Tidak dapat dibantah lagi, bahwa negara Indonesia menjalin hubungan dengan bangsa-bangsa lain di dunia. Indonesia merasa dirinya sebagai bagian dari masyarakat internasional dan juga banyak terlibat dalam berbagai forum internasional. Indonesia menjadi anggta PBB, ASEAN, OKI 9organisasi Konferensi Islam), Gerakan Non-Blok (GNB), dan lain sebagainya. Jadi, negara Indonesia memiliki kebijakan atau politik luar negeri.
Pengertian Politik Luar Negeri
Apakah politik luar negeri itu? J.R Childs mendefinisikan politik luar negeri sebagai pokok-pokok hubungan luar negeri dari suatu negara. Sementara itu, Riza Sihbudi dari LIPI (Lembaga Ilmu Pengetahuan Indonesia) bidang hubunga internasional atau kebijakan politik luar negeri mengatakan, politik luar negeri pada hakikatnya merupakan “perpanjangan tangan” dari politik dalam negeri suatu negara.
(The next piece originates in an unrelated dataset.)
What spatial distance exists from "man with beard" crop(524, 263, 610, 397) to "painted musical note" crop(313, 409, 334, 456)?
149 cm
Dari uraian dua pakar tersebut, politik luar negeri dapat diartikan sebagai kebijakan, sikap, dan tingkah pemerintahan suatu negera dalam hal melakukan hubungan dengan negara lain, organisasi internasional, dan badan-badan hukum internasional.
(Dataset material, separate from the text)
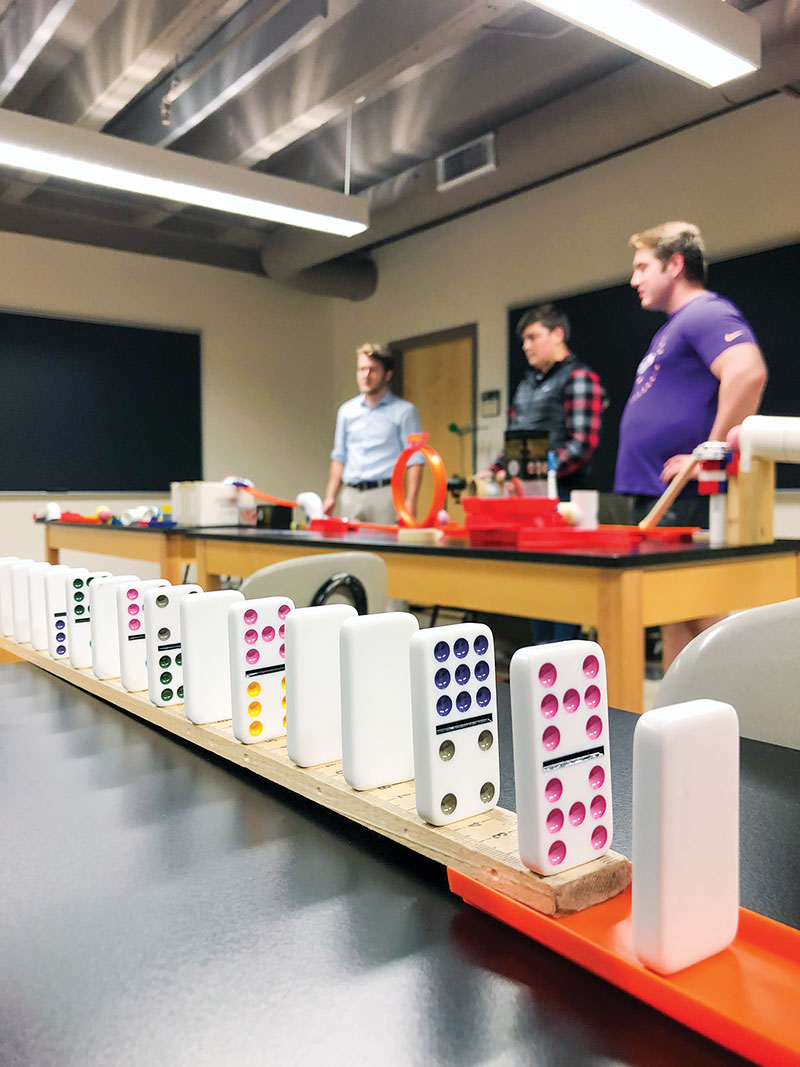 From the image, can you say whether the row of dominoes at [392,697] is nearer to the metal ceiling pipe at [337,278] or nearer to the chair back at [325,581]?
the chair back at [325,581]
Biasanya politik luar negeri suatu negara dipengaruhi minimal tiga faktor, yaitu sebagai berikut.
- Faktor politik dalam negeri.
- Faktor kemampuan ekonomi dan militer.
- Faktor lingkungan internasional.
Tujuan Politik Luar Negeri Indonesia
Mengingat politik luar negeri bagi suatu negara merupakan pokok-pokok hubungan dengan bangsa lain maupun dunia internasional, dengan sendirinya ia mempunyai sebuah tujuan. Lantas, apa tjuan politik luar negeri Indonesia? berikut penjelasannya.
Bagimana tujuan politik luar negeri Indonesia? Jika Anda memerhatikan Pembukaan UUD 1945, tujuan politik luar negeri Indonesia tercermin dalam alenia pertama dan keempat. Adapun uraian tentang tujuan politik luar negeri Indonesia dalam Pebukaan UUD 1945 tersebut, antara lain sebagai berikut.
- Indonesia mengupayakan agar setiap manusia di muka bumi bergaul dengan damai antara satu dengan yang ain, menghormati hak asasi manusia, dan juga menghormati kedaulatan negara masing-masing.
- Indonesia menghendaki pergaulan internasional tertib tanpa pertikaian, perang, atau penjajahan oleh satu bangsa kepada bangsa lain.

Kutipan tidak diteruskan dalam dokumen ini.